Her ne kadar artık bu ülkede olup bitenlere bakınca hiç kimse ve hiçbir şey bizi kolay kolay şaşırtmıyorsa da...

Bu cümleyi yıpratmak amacıyla sık sık kullananlar var açalım onun için: VATAN´ı kuracak olan yazarlar bir sabah gazetenin içini boşaltıp (ne demekse) gitmediler. Gazetenin sahibi yasal sorunlar yaşadığı sırada "Biz bu konulara ortak olmak istemiyoruz" diyeceklerine gazete ayakta dursun, sarsılmasın diye orada kaldılar. İcabında aylarca maaş almadan çalıştılar ama gık çıkarmadılar. (Hıncal Uluç´un hiç "maaş almadan çalıştığı bir ay" oldu mu acaba?)

"Acaba Sabah batıyor mu, başka gazeteye mi geçsek" diye endişe edenlere güvence verdiler.

GÜLDÜRME BİZİ

Ne zamanki Sabah´ın patronu Dinç Bilgin gazetesinin başına döndü ve gazeteyi tanımadığımız, bilmediğimiz bir iş adamına satacağını açıkladı, işte o zaman VATAN´ı kuran yazarlar "Biz bilmediğimiz, asıl işi gazetecilik olmayan, gelecekte ne tür işler yapacağı bilinmeyen bir patronla çalışmak istemiyoruz" diyerek ayrılmaya karar verdiler. Ki daha sonra birçok olay bu kararın haklılığını ortaya koymuştur. Peki soruyorum şimdi; gazetecilerin, yazarların özgür iradeleriyle geleceklerine karar verme hakları yok mudur? Hıncal Uluç izin vermez mi, yoksa herkesi "köle" mi sanıyor?

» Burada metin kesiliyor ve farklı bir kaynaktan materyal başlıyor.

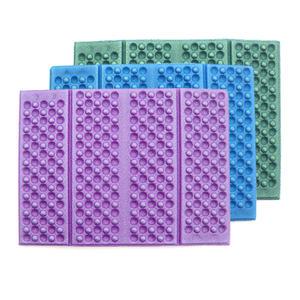 4단 휴대용등산방석만 미니방석 접이식 야외 1인용 판촉용품 홍보용품 판촉물 홍보물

"Sabah yaşadı, onlar gazetelerini yaşatamadılar"a gelince... Hıncal Uluç´a "güldürme bizi" diyeceğim. Önce TMSF´den gelen kamu imkânlarıyla, sonra iki devlet bankasının içi boşaltılarak (bak "içini boşaltmak" burada cuk oturuyor) satıldığı ve -Başbakan´ın damadının da yönetici olduğu- devlet gibi zengin yeni patronunun imkânlarıyla promosyona boğulan, bunun yanında kıyaslanamayacak sayfa sayısı, verdiği ilaveler, televizyonla reklam ve gelir desteği ile YA-ŞA-TI-LAN ve hatta şaha kaldırılan bir gazeteyle adil yarış mümkün müdür?

VATAN´ı kuranlar için siyasetçiler gruplar halinde destek aramak üzere Katar Şeyhi´ne gitmedi, devlet bankasından krediler verilmedi. Gazeteciler tarafından borçla harçla kuruldu, "parasız dağıtılmadan", bazı gazeteler gibi "iktidara destek amaçlı" dağıtılmadan, başbakanlara, iktidara yağdanlık yapmadan onuruyla 6 yıl içinde Türkiye´nin en prestijli, en güvenilir 4-5 gazetesinden biri oldu.

Peki Hıncal Uluç´a göre "adam gibi gazete" nasıl olunuyor acaba? İktidarların sesi olarak, onlar adına "seçim propaganda broşürü" gibi bedava dağıtılmaya filan razı olarak mı? Anlatsa da öğrensek.

Ha bir de... "Bütün gazeteler yaşamalı" diyor. Hayır, hiç de şart değil, sadece "iyi olan, hakkıyla kazanan, meslek ilkelerinden sapmayan, basına neden `4. güç´ dendiğini unutmayanlar" yaşamalı.

Diğerleri sadece utandırıyorlar çünkü!

Bunca yıllık meslek geçmişine rağmen gerçekle yalanı karıştıranlar da şaşırtıyorlar...

Acaba bu kadar olaydan sonra "hâlâ orada kalmasını anlamayanlara açıklama bulmaya mı çalışıyor" diye düşünüyor insan!